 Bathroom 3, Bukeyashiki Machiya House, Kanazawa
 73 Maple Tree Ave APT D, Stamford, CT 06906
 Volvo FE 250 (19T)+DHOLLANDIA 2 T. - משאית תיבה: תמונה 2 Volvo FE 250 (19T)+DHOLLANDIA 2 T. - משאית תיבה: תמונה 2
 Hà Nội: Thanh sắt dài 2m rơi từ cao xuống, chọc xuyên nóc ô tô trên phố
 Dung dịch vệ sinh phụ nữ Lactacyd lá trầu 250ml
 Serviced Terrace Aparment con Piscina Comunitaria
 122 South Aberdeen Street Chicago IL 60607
· · ·
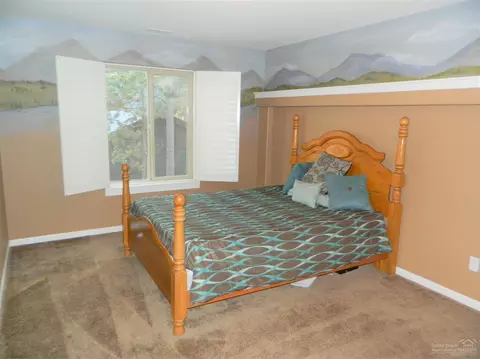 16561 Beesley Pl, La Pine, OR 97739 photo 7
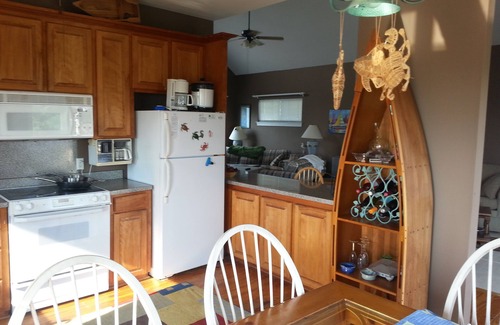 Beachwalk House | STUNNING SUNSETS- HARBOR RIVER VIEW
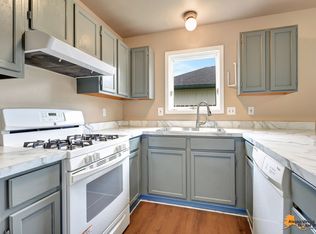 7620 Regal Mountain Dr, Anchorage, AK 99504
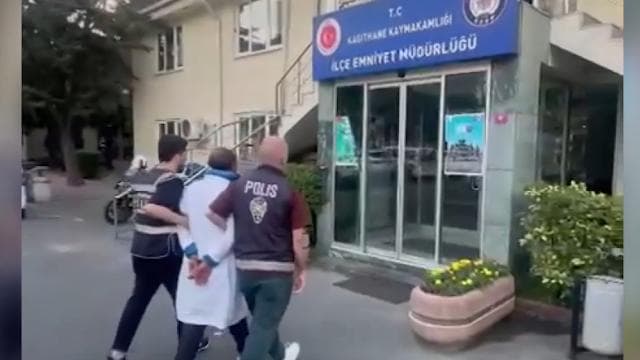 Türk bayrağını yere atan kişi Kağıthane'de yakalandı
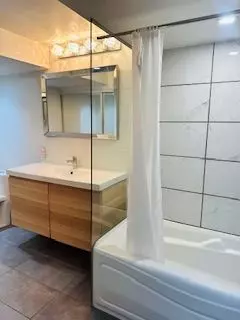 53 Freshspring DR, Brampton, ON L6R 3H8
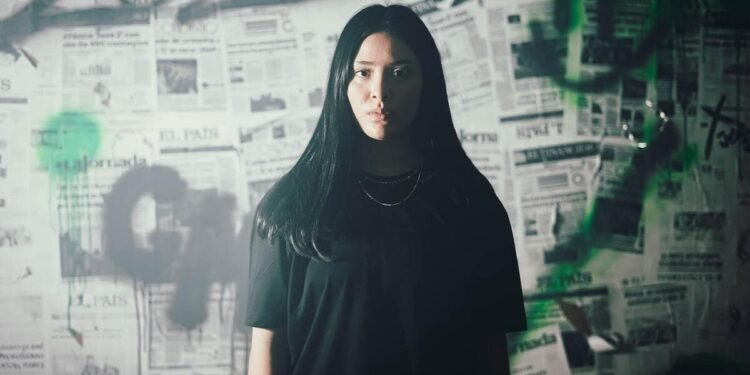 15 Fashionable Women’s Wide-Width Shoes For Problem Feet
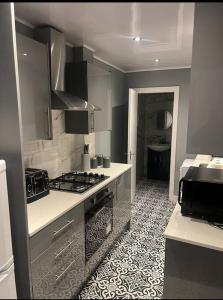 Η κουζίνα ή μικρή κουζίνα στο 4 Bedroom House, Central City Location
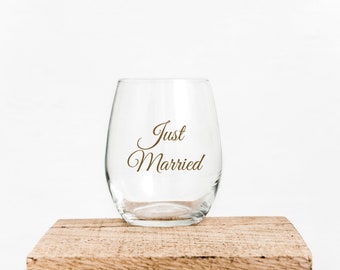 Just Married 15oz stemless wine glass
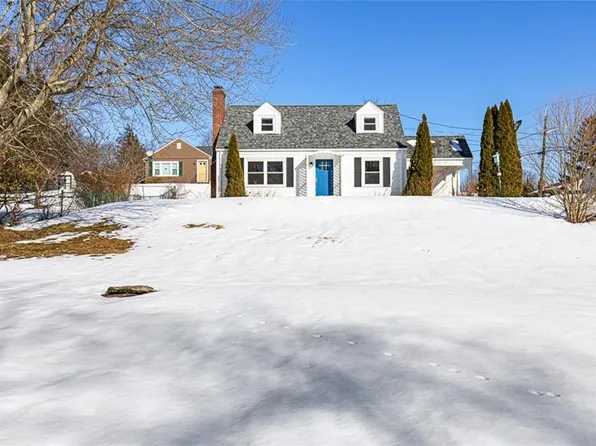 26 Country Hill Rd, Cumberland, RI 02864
· · ·
- What is needed
Look above for the line with "Just Married 15oz stemless wine glass", then give again exactly every line from there through the line with "26 Country Hill Rd, Cumberland, RI 02864", skipping the pictures.

- Answer for this exercise
 Just Married 15oz stemless wine glass
 26 Country Hill Rd, Cumberland, RI 02864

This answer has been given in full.